ECU0406,
In steady-state conditions, the specific heat or the mass of the wire has no effect on its temperature.
In steady-state, the power absorbed by the wire is totally dissipated in the environment.
Only during the warm-up transient will the specific heat and density of the wire play some role.
Highed heat capacity will slow-down the heat-up process, for example.
If the temperature is high, the dominant mode of cooling of the wire will be radiation.
If the wire is straigth and not isolated, then in first approximation, the "black-body" radiation law can be applied.
Usually an additional factor is used called "emissivity" that takes the quality of the radiating surface into account.
The best radiatiors have an emissivity = 1 .
The "black-body" radiation law reads:
(emitted power) = Pemit = eps sig (T^4-To^4) Surf
where
eps < 1 is the emissivity (close to 1 for good 'radiatiors')
sig = 5.67E-9 W/m²/K^4 is the Stefan-Boltzmann Constant
T is the temperature of the emitting body in K
To is the temperature of the surrounding in K
Surf is the (apparent) surface of the emitting body (wire)

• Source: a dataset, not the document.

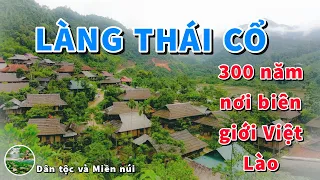 LÀNG THÁI CỔ 300 NĂM NGAY QUẦN THỂ THÁC 7 TẦNG Ở QUẾ PHONG | Dân tộc và Miền núi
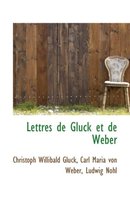 Lettres de Gluck Et de Weber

As an example, let us assume that your wire had a length of 1 meter.
Then you have these likely values:
eps = 1 (assumption with a slight effect when in the usual range)
To = 300 K (assumption with negligible impact)
P = 3720 W
Surf = 0.001 m²
Solving the balance equation Pemit = P for the the wire temperature gives T = 2842 K.
These calculations will not be correct for another geometry (I assumed a straight wire far fom any object).
For example, when the wire is torsaded, then its "apparent surface" is decreased, and its temperature will increase.
Similarly, if the wire is enclosed within a glass cylinder, its temperature will increase a little bit. For such a geometry, the calculations are similar, but the (radiative) properties of the glass have to be taken into account, and the temperature of the glass must be solved simultaneously to the temperature of the wire.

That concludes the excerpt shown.